**What you need to do:**
Render every entry verbatim.

**Dataset extract:**
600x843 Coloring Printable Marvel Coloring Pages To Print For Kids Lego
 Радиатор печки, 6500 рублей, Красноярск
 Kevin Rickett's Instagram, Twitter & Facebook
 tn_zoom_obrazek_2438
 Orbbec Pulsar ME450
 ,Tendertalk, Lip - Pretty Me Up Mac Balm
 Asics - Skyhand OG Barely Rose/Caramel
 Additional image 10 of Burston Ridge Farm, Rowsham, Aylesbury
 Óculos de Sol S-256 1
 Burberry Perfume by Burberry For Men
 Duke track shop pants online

**Solution:**
600x843 Coloring Printable Marvel Coloring Pages To Print For Kids Lego
 Радиатор печки, 6500 рублей, Красноярск
 Kevin Rickett's Instagram, Twitter & Facebook
 tn_zoom_obrazek_2438
 Orbbec Pulsar ME450
 ,Tendertalk, Lip - Pretty Me Up Mac Balm
 Asics - Skyhand OG Barely Rose/Caramel
 Additional image 10 of Burston Ridge Farm, Rowsham, Aylesbury
 Óculos de Sol S-256 1
 Burberry Perfume by Burberry For Men
 Duke track shop pants online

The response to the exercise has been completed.